« Un idolâtre faisait la route avec un Juif, vexé parce que le juif marchait plus vite que lui, il tenta de ralentir son pas. Il lui rappela la tragique destruction de Jérusalem, en étant sûr que la tristesse briserait son élan. Le juif soupira mais ne ralentit pas, c’est alors que l’idolâtre s’écria :
« Mais pourtant vos rabbins disent souvent que les soupirs brisent le corps de l’homme ? ». Quelle piété, quelle foi dans les paroles de nos maîtres de la part de ce païen. Le Juif lui répondit : « Cette règle s’applique aux nouvelles récentes et affligeantes, mais là c’est un fait auquel nous nous sommes déjà habitués, comme disent les gens : « une femme qui a perdu plusieurs enfants ne pleure plus de la même façon à la disparition d’un autre enfant» (Ketouvot 62). Les idolâtres avaient compris du discours des rabbins :
« Que les juifs sont littéralement paralysés par leur mémoire historique des souffrances ».

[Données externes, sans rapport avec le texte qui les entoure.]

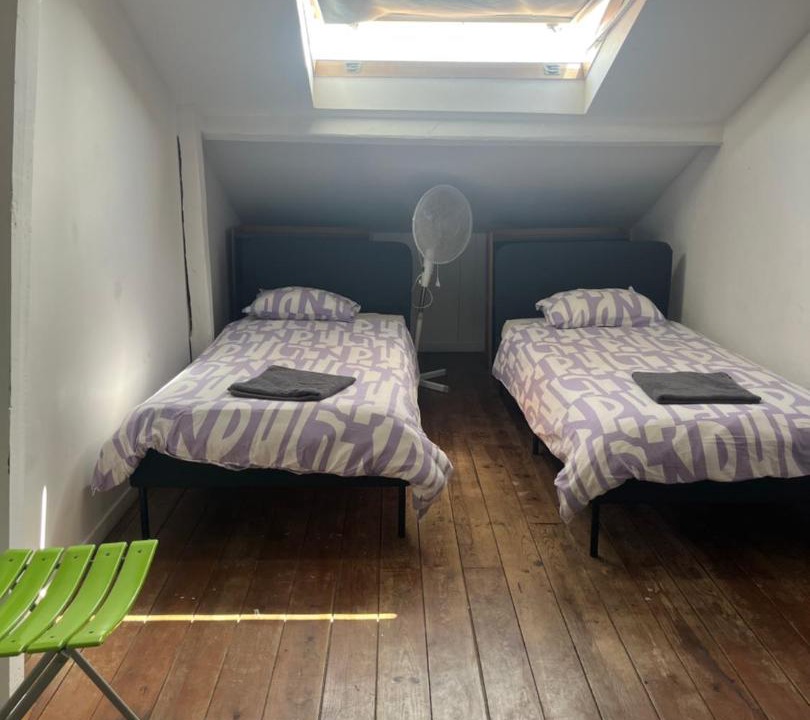 Photo of Bedroom in Lisbon Old Town
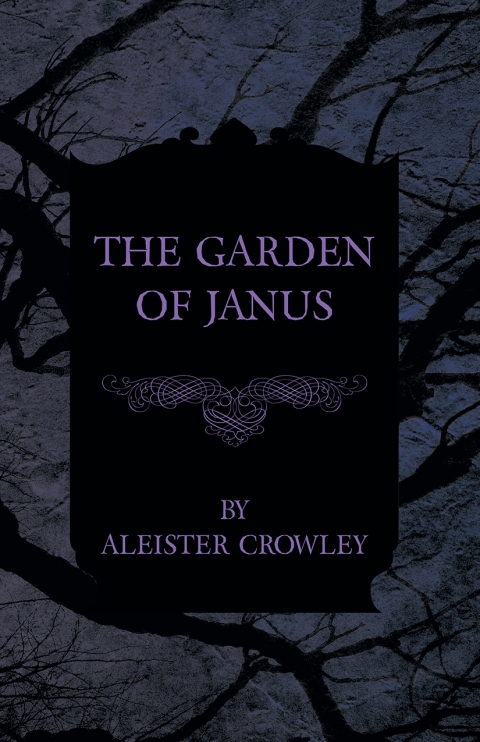 Cover image for book The Garden of Janus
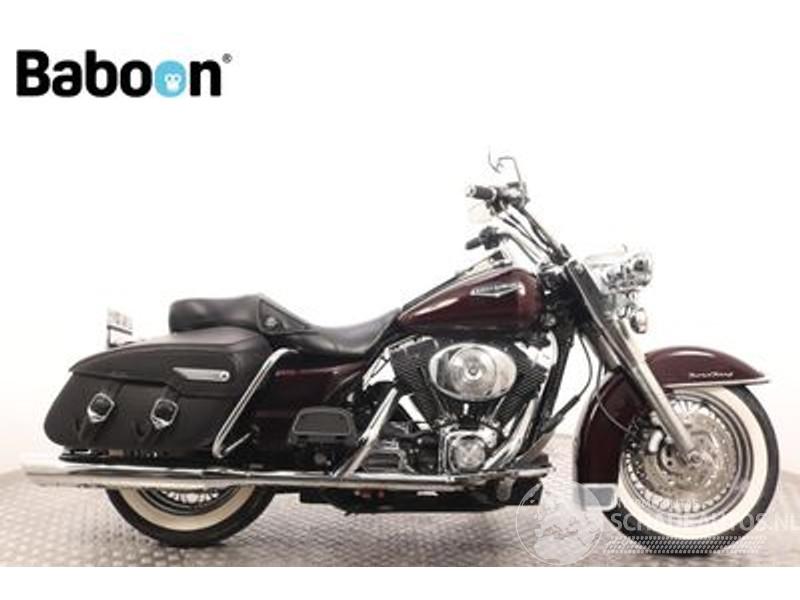 Harley-Davidson  FLHRC Road King Classic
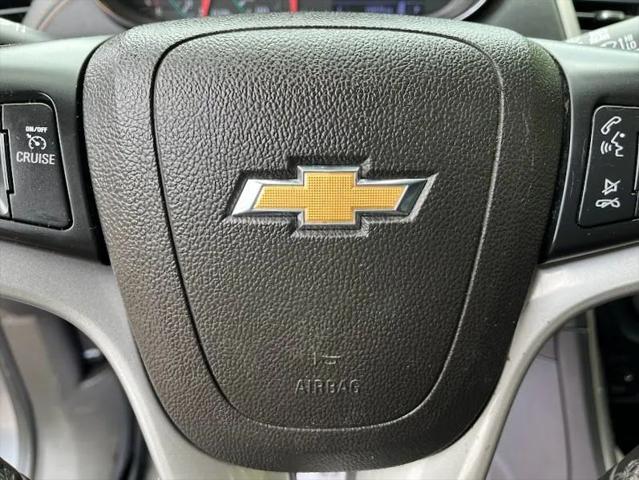 2020 Chevrolet Trax AWD LT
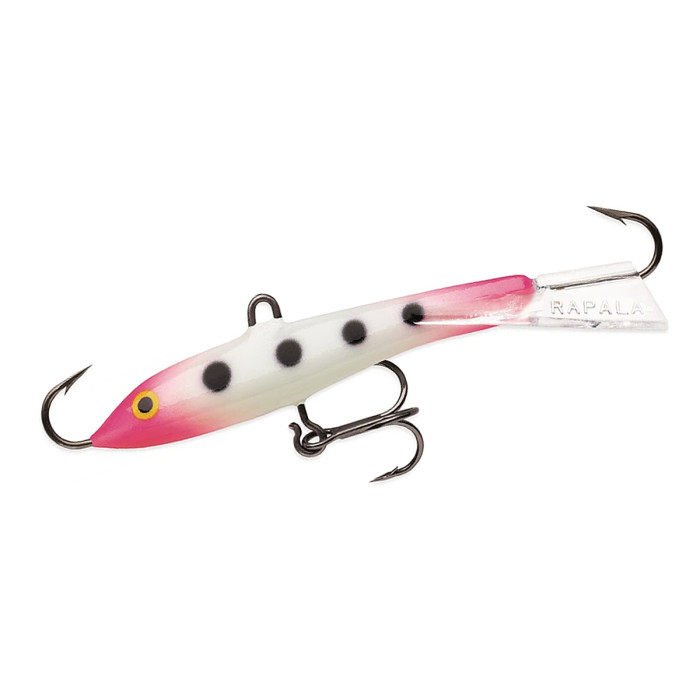 Балансир Rapala Jigging Rap 90mm 25g #GPSQ (W9 GPSQ)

Le Talmud tourne en dérision cette caricature inventée par les idolâtres, du Juif pleurnichard, comme dans cette histoire, pour mieux nous doubler littéralement.
Le Juif lui répond : “Les anciennes souffrances sont sources de réflexion, nous savons vivre avec. Ce qui nous brise, nous épuise ce sont les nouvelles douleurs, celles d’aujourd’hui. Et même la tragique disparition d’un enfant n’empêche pas un peuple habitué au tragique de poursuivre sa marche”.

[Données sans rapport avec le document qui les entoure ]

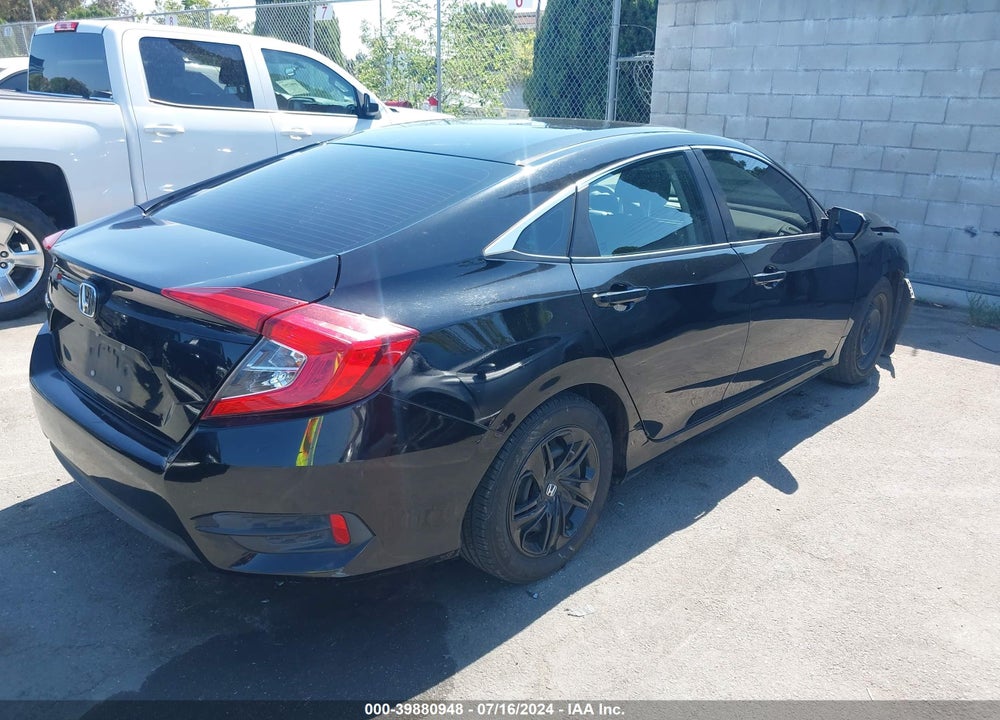 2016 HONDA CIVIC LX VIN: 2HGFC2F53GH544208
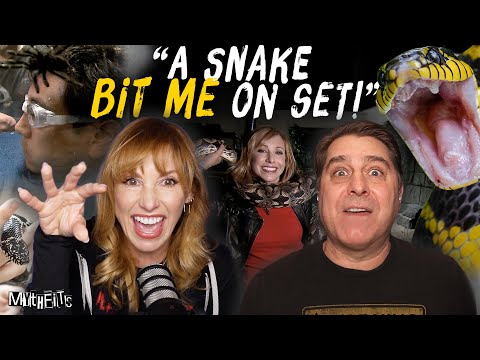 Snake Attack on MythBusters Set: Animal Handler Reveals What Cameras Didn't Catch
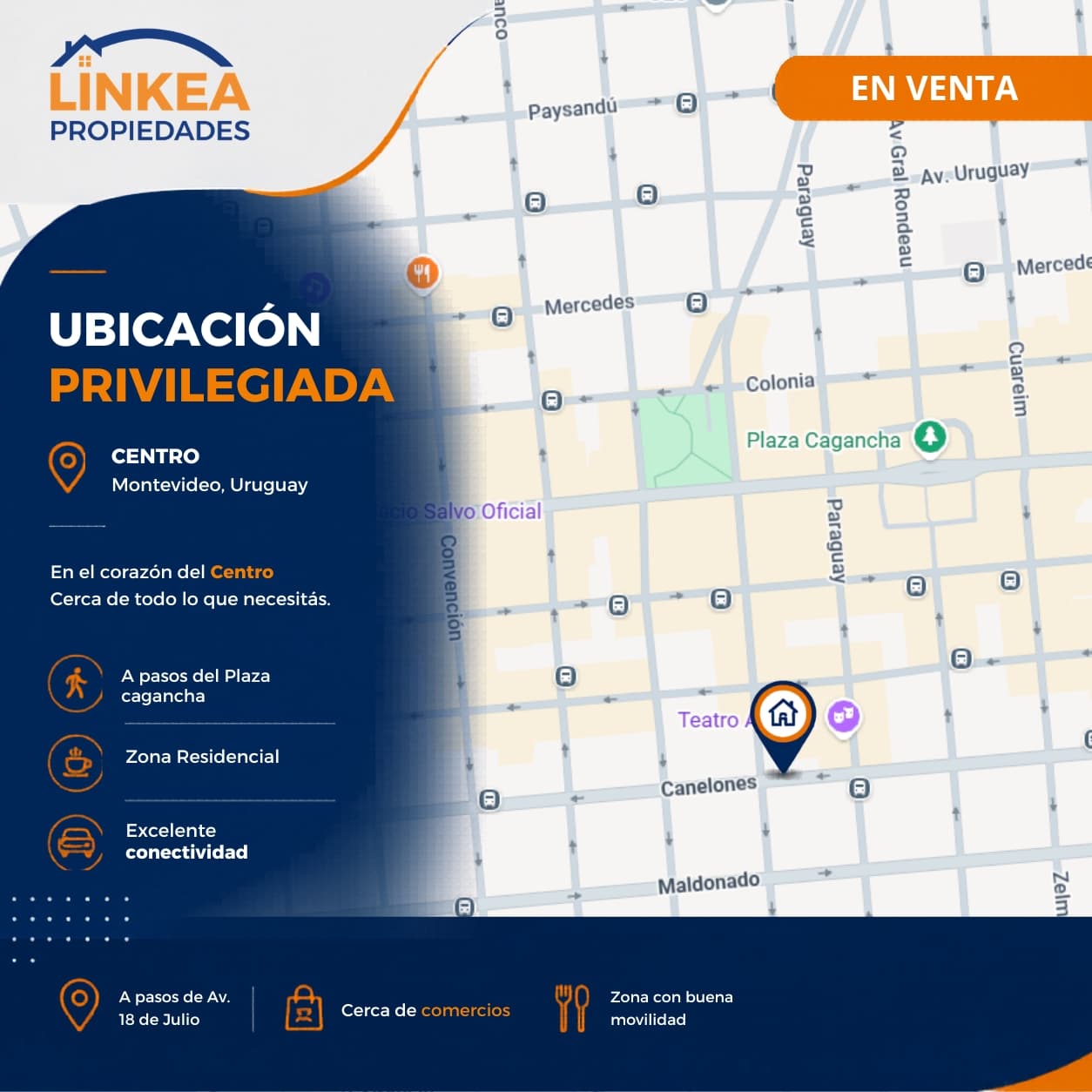 Apartamento en el Centro - Miniatura 4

Ce texte est à mon sens, avant tout, une mise en garde ironique, à l’encontre d’une compassion dangereuse, malveillante envers la souffrance d’Israël.

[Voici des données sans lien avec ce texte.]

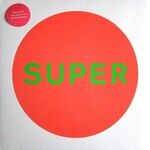 Pet Shop Boys SUPER Coloured Vinyl
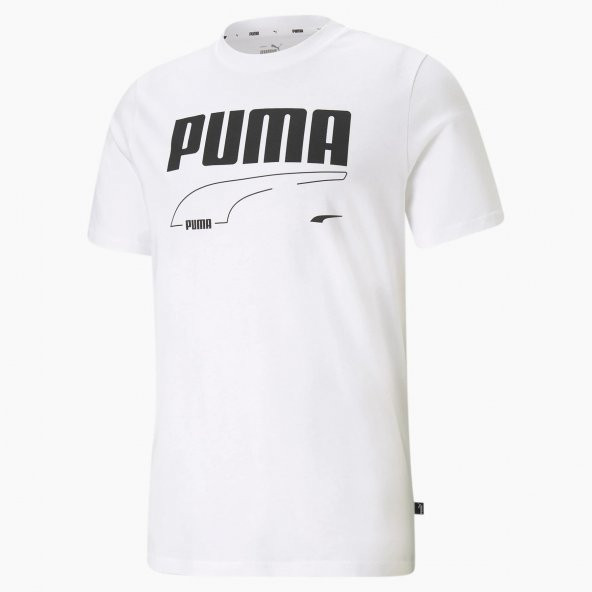 Puma Rebel 58573802 Erkek Tshirt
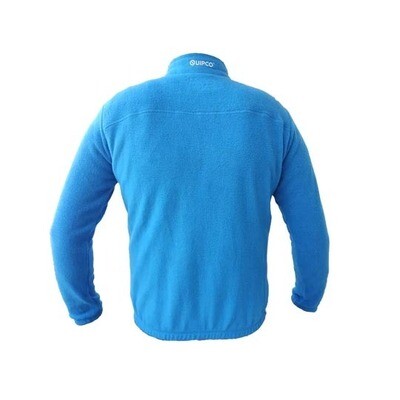 Quipco Tundra 200 Fleece Jacket - Aqua Blue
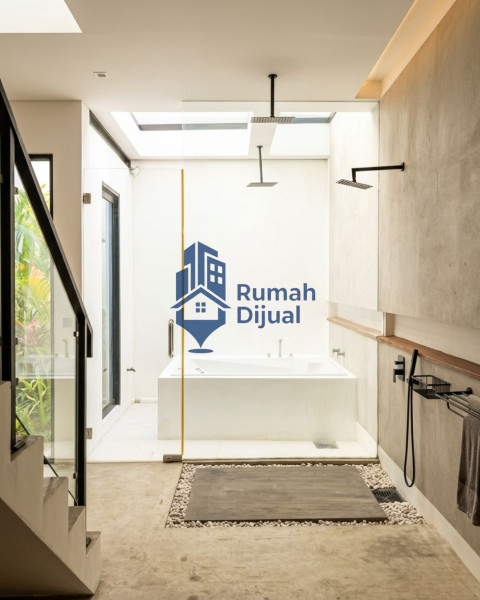 DISEWA - Rumah Pondok Indah Pinang Perak - Jakarta Selatan - DKI Jakarta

Si seulement le monde ne continuait pas à approuver le massacre de nos enfants, encore aujourd’hui tout en larmoyant sur les crimes d’hier.
Ce refus à être triste, comme cela, parce qu’on est le 9 av est sain. Il ne s’agit pas de faire du théâtre. On a forcément plus de peine pour des catastrophes contemporaines que pour des drames anciens.
Ce qui est en jeu dans le deuil de Jérusalem, c’est de faire surgir le vide dans lequel le monde a été plongé depuis la destruction du Temple.
Le Beit Hamikdach a été détruit, il y a presque 2000 ans, c’est vrai, mais il n’est toujours pas reconstruit ! Le deuil de Jérusalem affirme que malgré l’effacement sur les cartes de géographie, des noms Israël, Jérusalem, malgré tout, le peuple juif existe que son lieu et le lieu de son Temple existe.
Or, c’est bien connu : «La nature a horreur du vide ». La grande règle en diplomatie, en compréhension des problèmes c’est de ne tenir compte que des données physiques présentes sur le terrain. Ainsi « HAR HABAYIT », la Montagne du Temple de Jérusalem, est appelée désormais « l’Esplanade des Mosquées », puisque sur cette esplanade, il n’y a que 2 Mosquées et pas de Temple.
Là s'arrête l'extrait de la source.